Scheepskompas
Een scheepskompas is erop gemaakt om zuiver aan te blijven wijzen op een beweeglijk schip. Dit is zeker van toepassing op kleine boten. Grote schepen bewegen over het algemeen trager en rustiger dan kleine schepen. Toch zijn ook kompassen voor grote schepen zodanig opgebouwd dat de kompasroos zoveel mogelijk in een horizontaal vlak blijft, en de kompaspen waar de roos op rust verticaal. Dit wordt bereikt door een cardanische ophanging. De hellende en stampende bewegingen worden beperkt doorgegeven aan het kompas. Geholpen door een laag liggend zwaartepunt van het kompas.
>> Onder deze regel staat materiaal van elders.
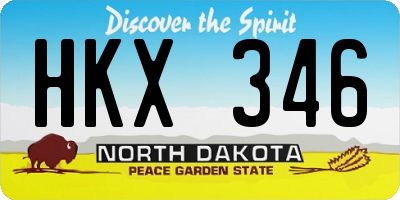 ND license plate HKX346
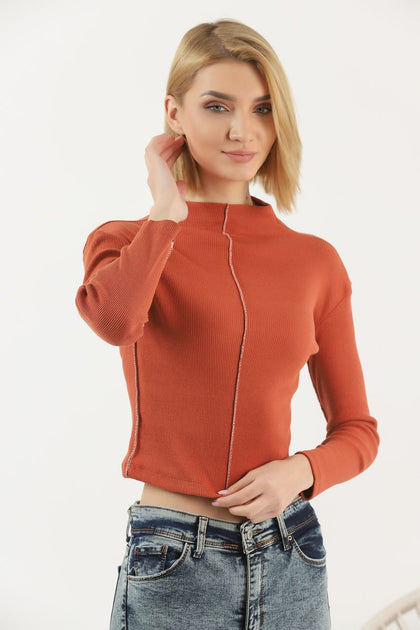 Women's Contrast Stitch Knit Detail Top - WST264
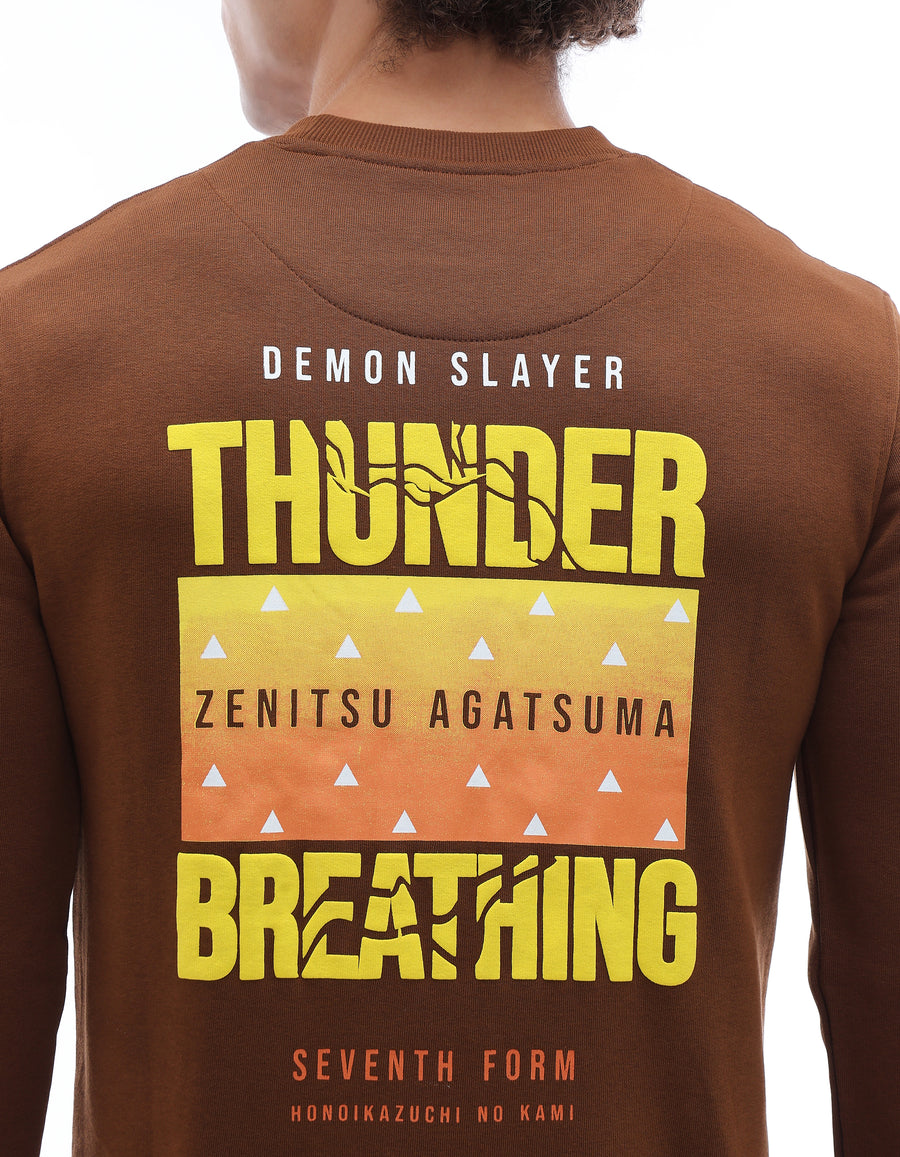 Celio Men Brown Printed Casual Cotton Demon Slayer Sweatshirt
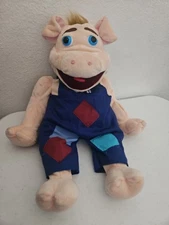 Full Body Pig Hand Puppet Plush Stuffed Animal M Overalls Pants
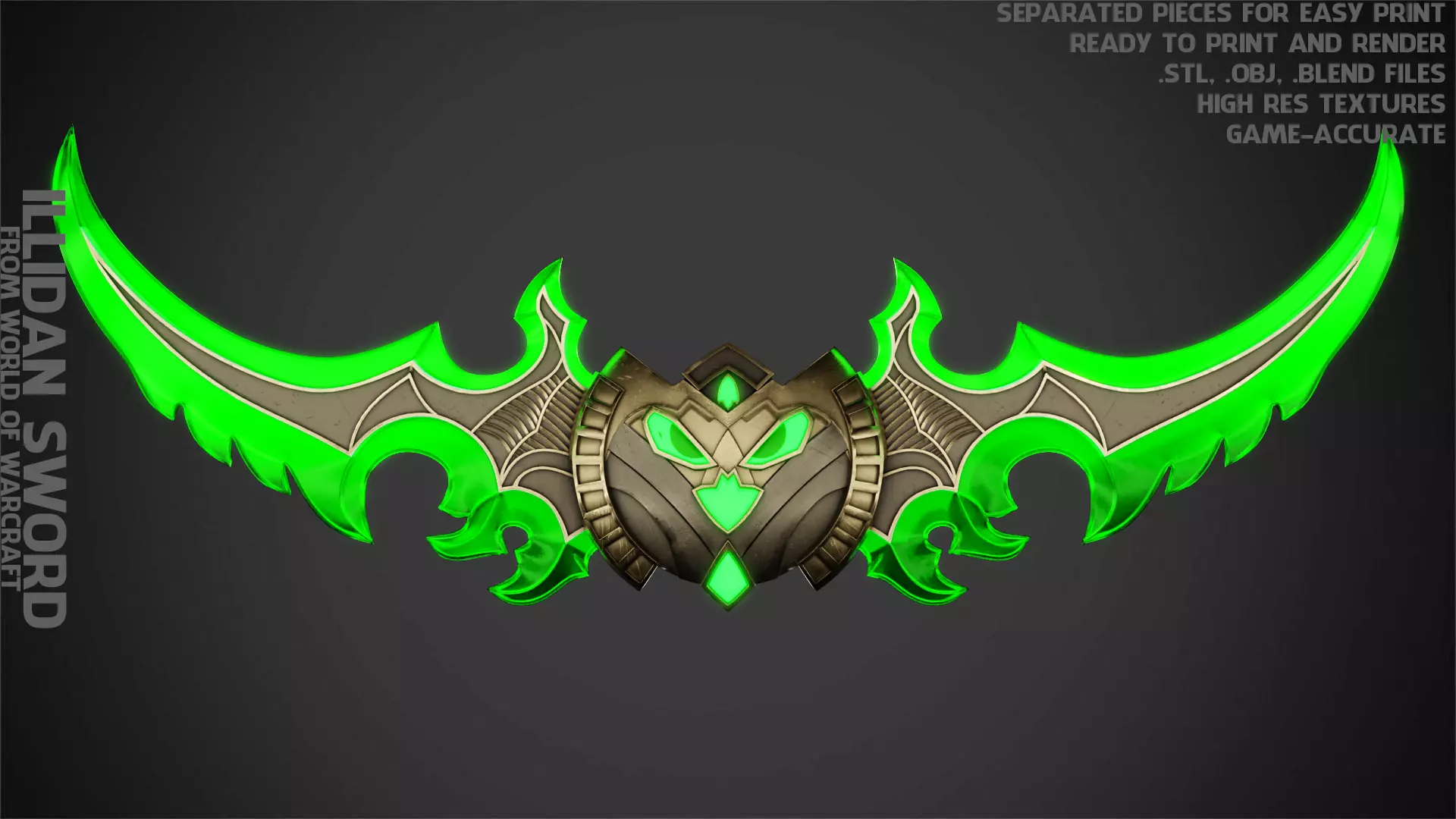 WOW Illidan Stormrage Sword for Cosplay 3D print model_0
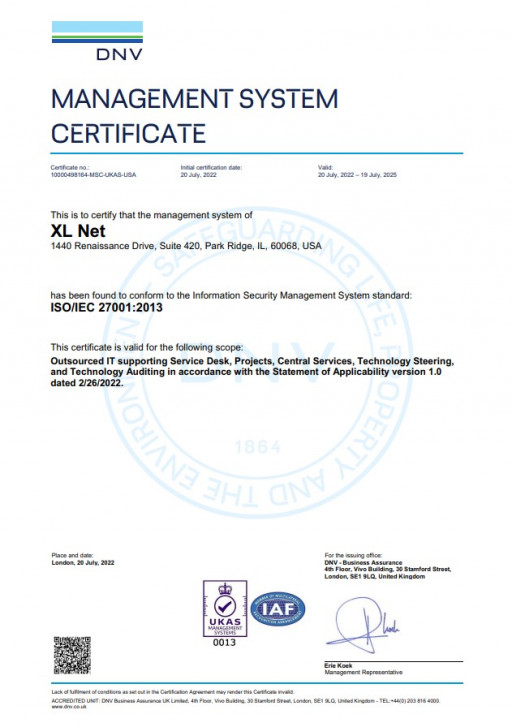 XL.net Becomes the First ISO 27001, Security Management System, Certified IT Firm Serving Small and Medium Businesses in Greater Chicago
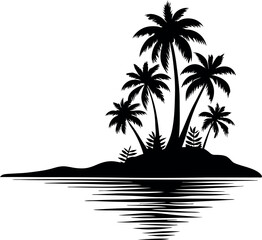 Tropical Escape – Silhouetted Palm Trees on Remote Island at Sunset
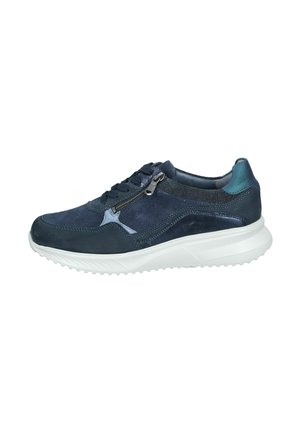 Navy blue athletic shoes featuring a mix of suede and textile materials, round toe, and a white rubber sole with a textured grip.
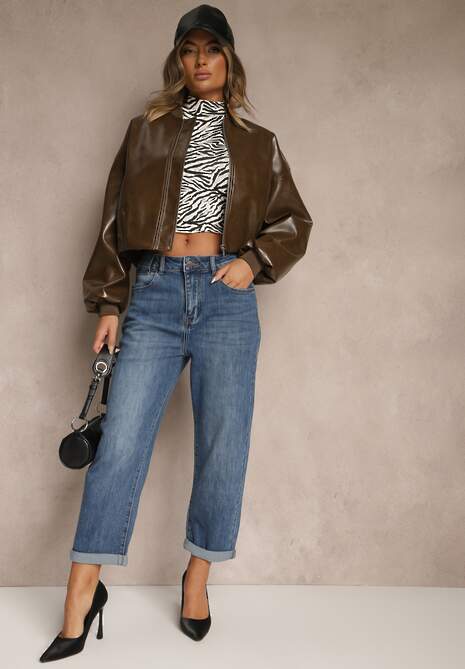 Niebieskie Jeansy Regular Wiast o Fasonie Mom Fit Gondie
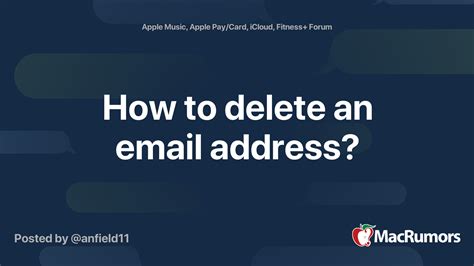 How To Delete An Email Address Macrumors Forums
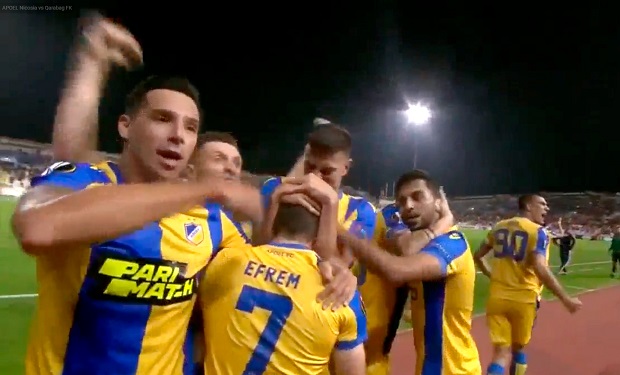 APOEL-in futbolçularından qol sevinci zamanı qeyri-etik hərəkət — VİDEO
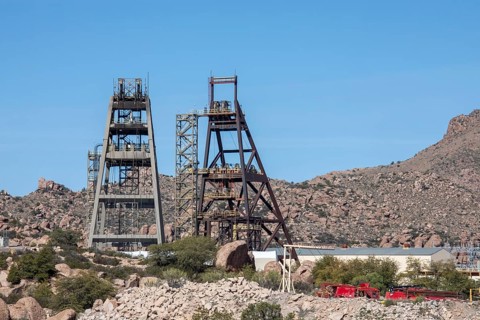 Superior, Arizona - Headframes on the site of Resolution Copper's proposed underground copper mine.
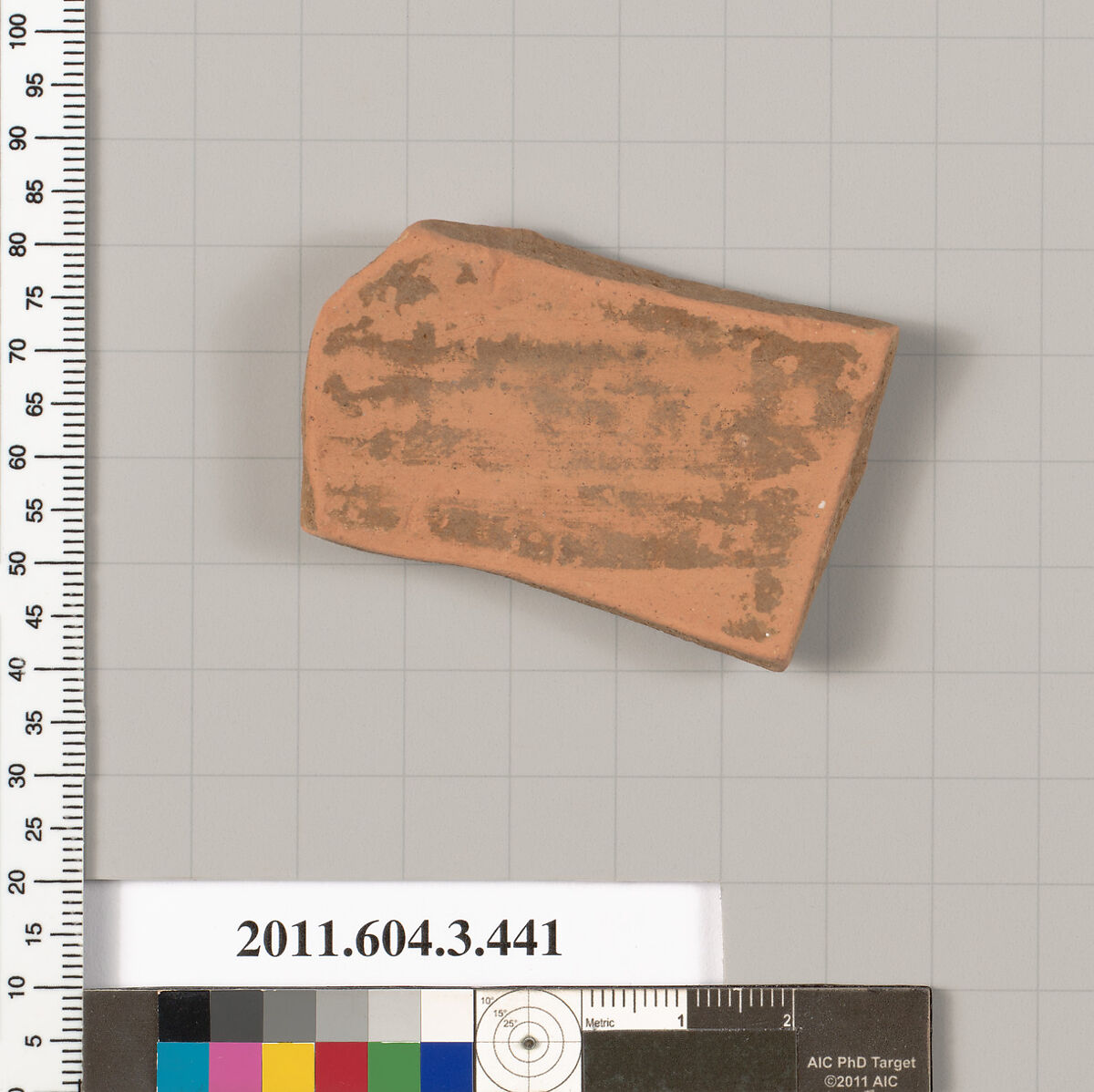 Terracotta fragment of a neck-amphora (jar), Terracotta, Greek, Attic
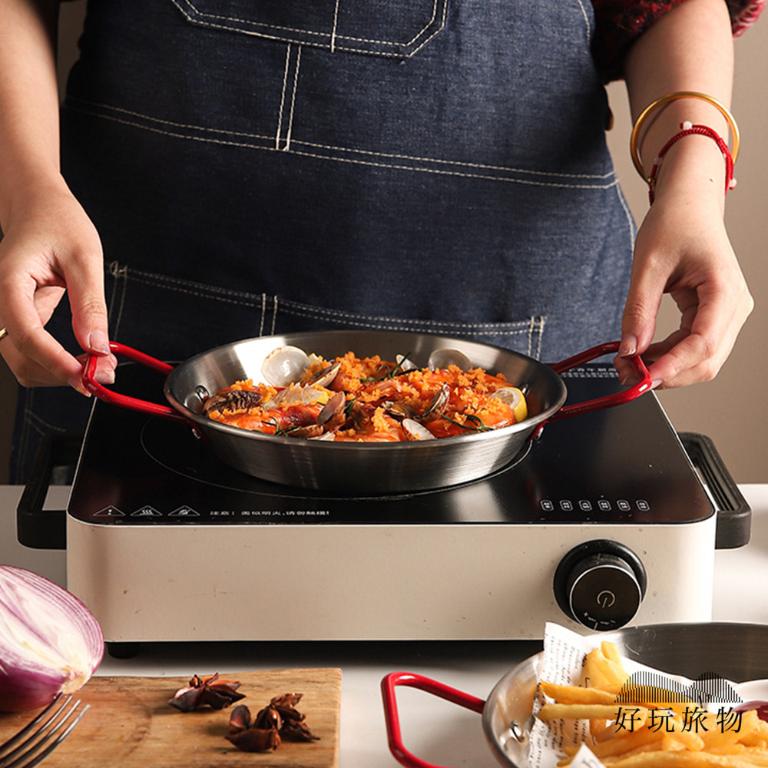 紅色雙耳把手不鏽鋼平底鍋 露營烤盤 露營煎鍋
In de negentiende eeuw was de scheepvaart aangewezen op ‘droge kompassen’. Nadien kwamen de vloeistofkompassen. De kompasroos bewoog zich in een kompasvloeistof op alcohol- of oliebasis, die de roos rustiger liet bewegen. Bijvoorbeeld bij koerswijzigingen maar ook in zeegang. In het bijzonder kompassen voor op kleine boten zijn dan ook met vloeistof gevuld om de bewegingen van kompasroos te dempen. Maar ook wandelaars en avonturiers hebben baat bij met vloeistof gevulde kompassen.